Just after midnight on April 9, 2000, my mom went into respiratory failure. She was rushed to the emergency room and approximately six hours later, was stabilized. The day continued, though lacking sleep. We ate dinner, stopped off at the hospital, and visited with my mom. Upon returning home, we prepped for bed and soon after went to sleep.
The morning of April 10 arrived rather quickly. My brother, Nick, opted to ride his bike to school that morning instead of waking me to give him a ride. I heard the door shut to the garage and leaped out of bed, as Reiley had not stirred all night. My heart sank, adrenaline pumping throughout my body, praying that my worst fears were not true; I turned on the light to see my son. I picked him up, feeling his cold body and screamed louder than I had ever screamed in my life.

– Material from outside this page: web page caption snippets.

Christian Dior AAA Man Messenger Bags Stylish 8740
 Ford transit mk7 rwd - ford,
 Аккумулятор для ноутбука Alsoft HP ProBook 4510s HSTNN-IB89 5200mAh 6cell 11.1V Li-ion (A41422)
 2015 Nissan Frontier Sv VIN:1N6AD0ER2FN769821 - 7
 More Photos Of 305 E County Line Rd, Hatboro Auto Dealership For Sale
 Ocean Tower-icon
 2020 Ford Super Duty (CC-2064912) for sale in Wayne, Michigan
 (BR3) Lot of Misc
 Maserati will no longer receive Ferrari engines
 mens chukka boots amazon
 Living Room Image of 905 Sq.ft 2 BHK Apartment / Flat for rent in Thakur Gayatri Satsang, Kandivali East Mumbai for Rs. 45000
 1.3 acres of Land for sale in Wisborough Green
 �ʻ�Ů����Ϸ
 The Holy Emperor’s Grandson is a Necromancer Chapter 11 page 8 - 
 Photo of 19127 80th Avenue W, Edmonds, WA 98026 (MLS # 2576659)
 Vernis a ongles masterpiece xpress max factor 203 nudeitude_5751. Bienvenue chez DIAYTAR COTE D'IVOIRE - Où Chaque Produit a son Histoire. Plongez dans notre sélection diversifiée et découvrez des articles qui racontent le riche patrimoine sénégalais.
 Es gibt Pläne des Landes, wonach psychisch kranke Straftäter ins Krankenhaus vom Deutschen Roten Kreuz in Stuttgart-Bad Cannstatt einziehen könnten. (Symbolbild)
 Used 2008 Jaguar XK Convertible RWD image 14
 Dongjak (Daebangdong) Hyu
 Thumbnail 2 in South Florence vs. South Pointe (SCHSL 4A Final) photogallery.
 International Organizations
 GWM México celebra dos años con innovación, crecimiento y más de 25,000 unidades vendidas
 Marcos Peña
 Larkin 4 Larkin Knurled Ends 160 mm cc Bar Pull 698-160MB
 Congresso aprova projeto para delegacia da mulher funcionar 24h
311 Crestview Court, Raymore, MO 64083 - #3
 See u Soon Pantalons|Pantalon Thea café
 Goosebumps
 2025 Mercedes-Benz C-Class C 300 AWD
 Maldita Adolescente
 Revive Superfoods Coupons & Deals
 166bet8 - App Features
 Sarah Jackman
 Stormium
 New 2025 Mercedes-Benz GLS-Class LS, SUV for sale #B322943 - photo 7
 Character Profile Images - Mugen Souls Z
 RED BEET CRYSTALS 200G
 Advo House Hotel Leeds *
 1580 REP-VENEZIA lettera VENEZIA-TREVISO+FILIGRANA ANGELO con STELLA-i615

I grabbed a phone and while dialing 9-1-1, began CPR on Reiley. When the officers arrived, they asked if I wanted to continue resuscitation. I begged for their help at that point, losing what sense of control I still felt. They took a stethoscope to his chest, and stood there, shaking their heads and doing nothing more.
I sank, began weeping and the only thing I wanted was my mom. I wanted for her to make it better; erase the day that began so tragically, most of all, bring my son back to my arms so I could see his beautiful blue eyes sparkling, listen to his crack-me-up laugh and feel his slobbery kisses once more.
I was in a fog with every sound falling on deaf ears. I yearned to get into a vehicle and drive for miles by myself. I wanted to be alone so I could feel the emotions that all seemed so foreign and intense. I was forced to be around people and wasn't allowed the opportunity I needed to express my own pain that surged within me.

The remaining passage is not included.